TSonam wrote:1) When positive integer n is divided by 3, remainder is 2. When positive integer t is divided by 5, remainder is 3. What is the remainder when product nt is divided by 15.
a) n -2 is divisible by 5
b) t is divisible by 3
please provide explaination.
Hi
My two cents...
from Q:
n=3i + 2 [i>=0]
t=5j + 3 [j>=0]
so
nt = (3i+2)(5j+3)
=15ij + 9i + 10j + 6
Since the divisor is 15 then 15ij portion can be removed and we consider
Remainder = 9i + 10j + 6
Now----
1 & 2 can't be considered for seperately sufficient because each gives infor about either i or j sepearately which is not good enuf.

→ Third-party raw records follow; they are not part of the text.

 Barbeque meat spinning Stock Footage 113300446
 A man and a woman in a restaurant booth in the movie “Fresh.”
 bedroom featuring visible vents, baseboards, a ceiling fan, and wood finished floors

then consider two together
1. n - 2 is divisible by 5
=> 3i is divisible by 5
=> i=0,5,15,20,25....
We cant simply say for all i's the term 9i is divisible by 15.
2. t is divisble by 3
=> 5j + 3 divisible by 3
=> 5j divisible by 3
=> j=0,3,6,9,12.... etc
=> A simple viewing at remainder will show that for all j's 10j term is divisible by 15.
3) Now combine 1 & 2
t(n-2) is divisible by 3*15
tn - 2t is divisible by 15
tn remainder is inserted here
=> (9i + 10j + 6)-2(5j+3) is divisible ...
=> 9i is divisible by 15
so based on 3 and 2 we can say that both terms 9i and 10j in 9i + 10j + 6 are divisible by 15.
Which means 6 is the remainder always and (C) is the answer.
Pardon my being too simplistic at someplaces.
Rgds
-Sandy